**Dataset extract:**
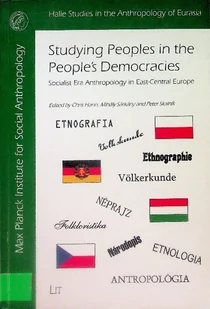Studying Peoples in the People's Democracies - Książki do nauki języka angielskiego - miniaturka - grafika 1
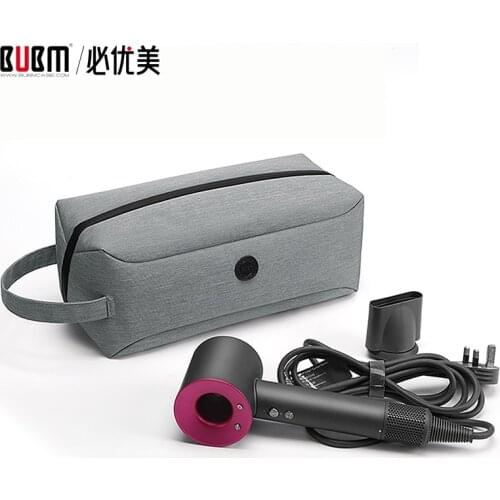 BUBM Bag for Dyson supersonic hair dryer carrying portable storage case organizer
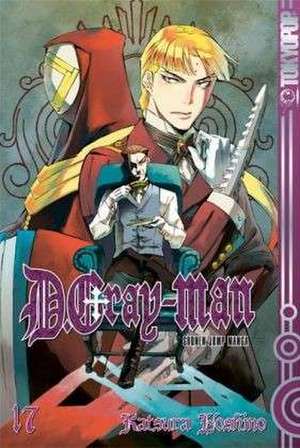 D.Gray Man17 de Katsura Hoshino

**Exercise brief:**
When a line carries an image, skip the image and repeat everything else above exactly as written.

**Answer to this task:**
Studying Peoples in the People's Democracies - Książki do nauki języka angielskiego - miniaturka - grafika 1
 BUBM Bag for Dyson supersonic hair dryer carrying portable storage case organizer
 D.Gray Man17 de Katsura Hoshino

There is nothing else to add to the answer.